Improving GPU Application Performance with NVIDIA CUDA 11.2 Device Link Time Optimization

jwitsoe · February 13, 2021, 1:27am

Originally published at: https://developer.nvidia.com/blog/improving-gpu-app-performance-with-cuda-11-2-device-lto/

CUDA 11.2 features the powerful link time optimization (LTO) feature for device code in GPU-accelerated applications. Device LTO brings the performance advantages of device code optimization that were only possible in the nvcc whole program compilation mode to the nvcc separate compilation mode, which was introduced in CUDA 5.0.Separate compilation mode allows CUDA device kernel…

rkobus · February 15, 2021, 10:08am

Figure 2 seems to be wrong, it’s the same as Figure 1. Also it would be nice to get the figures in a higher resolution.

jwitsoe · February 17, 2021, 9:41pm

@rkobus – Sorry about that! It’s fixed now. Hope the larger size helps as well. Thanks for the feedback!

phw89 · May 5, 2021, 1:29pm

echobrad · May 14, 2021, 3:28pm

Is the MonteCarlo benchmark in the CUDA 11.2 sample code?

mmurphy1 · May 15, 2021, 5:06am

No. It was used for some internal benchmarking. Unfortunately most of the sample code does not involve separate compilation so are not good tests for LTO.

mmurphy1 · May 15, 2021, 5:12am

Good question. We are working on support for JIT LTO, but in 11.2 it is not supported. So in the example you give at JIT time it will JIT each individual PTX to cubin and then do a cubin link. This is the same as we have always done for JIT linking. But we should have more support for JIT LTO in future releases.

phw89 · May 20, 2021, 2:24pm

@mmurphy1 Thanks for the reply - I look forward to seeing more information in the future :)

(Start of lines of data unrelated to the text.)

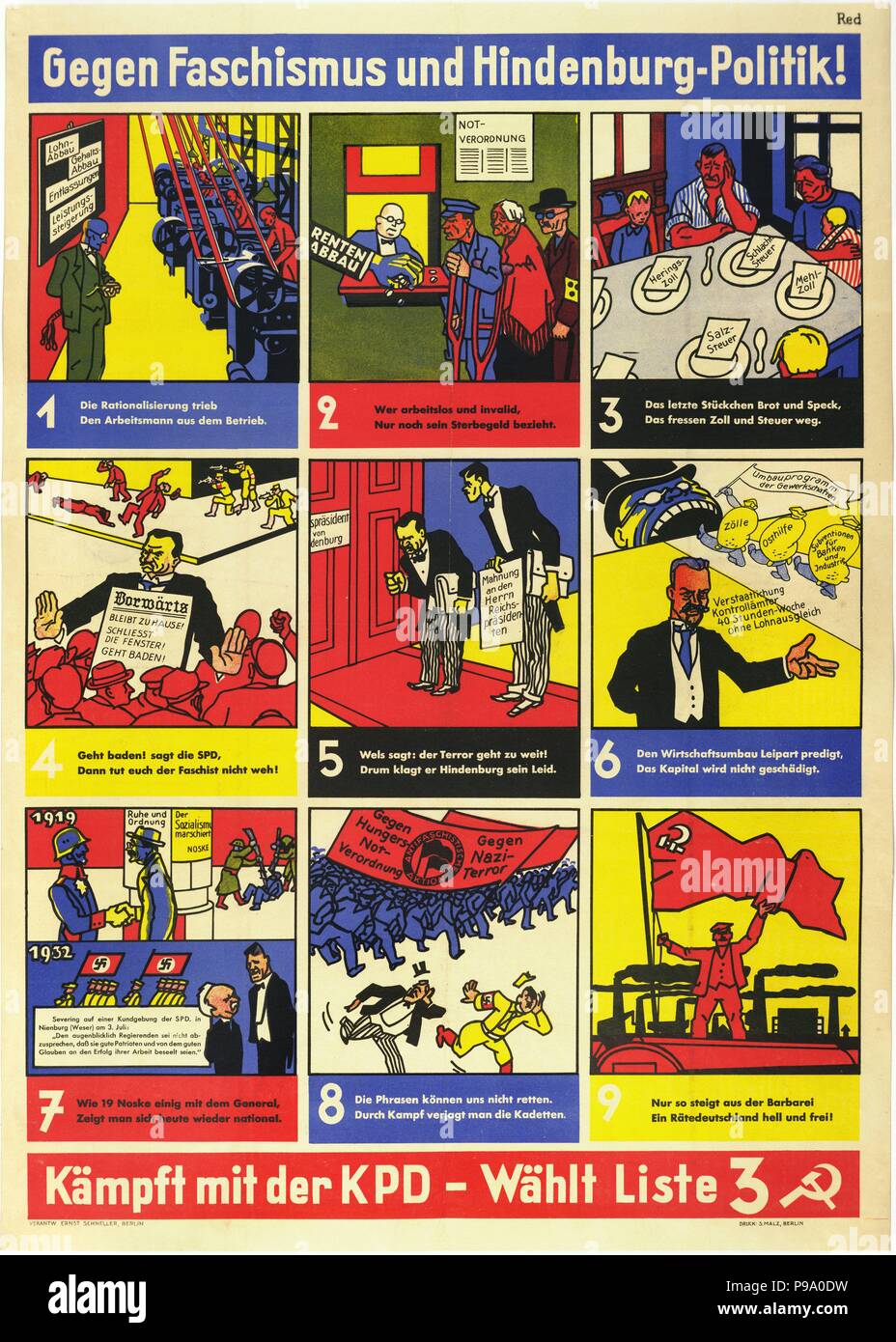 A2 Poster KPD Schluss mit diesem System Kommunismus Weimarer Republik Plakat 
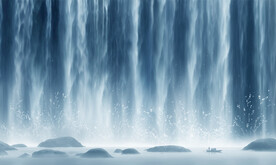 瀑布山水幕墙画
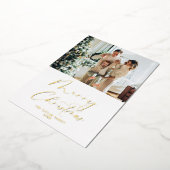 Joyeux Noël Photo Gold Foil Carte de Noël (Rotation)
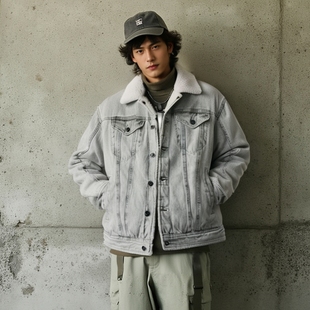 冬季 JEANS男女棉衣潮流翻领休闲宽松上衣 加厚牛仔棉服羊羔绒ABLE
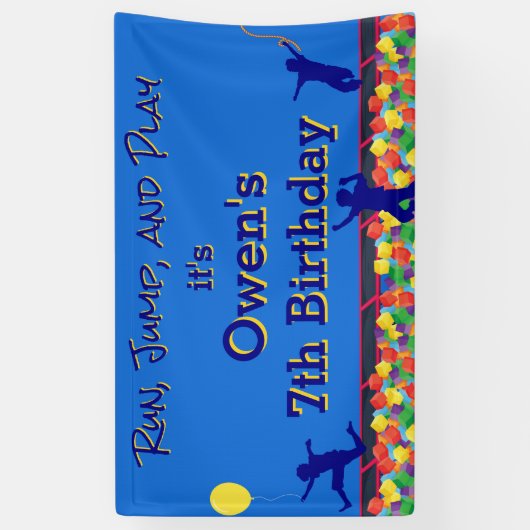 Hardlopen, springen en spelen Obstacle Course Verj Spandoek (Verticaal)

Would you also be able to shed any light on the following: Using device link-time optimization results in much larger fatbinaries

echobrad · September 13, 2021, 8:52pm

@mmurphy1 Are there any reasons that DLTO cannot achieve the same runtime performance as the whole program compilation? Performing DLTO should be able to inline and optimize all functions thus will generate the same code as the whole program compilation, unless the linker does not always inline and optimize the code (since DLTO doesn’t have enough memory to perform the linking?).

mmurphy1 · September 21, 2021, 6:05pm

DLTO should provide the same runtime performance as whole program. If doing “partial LTO” where some objects were not compiled with -dlto then the scope of optimization will be smaller.

epk · May 16, 2022, 8:28pm

but in 11.2 it is not supported.

Ok, is it supported in 11.7?

mmurphy1 · May 17, 2022, 8:10pm

JIT LTO is supported as of 11.4, but only as a preview feature. There will be a change to the interface in 12.0 to better support our compatibility guarantees.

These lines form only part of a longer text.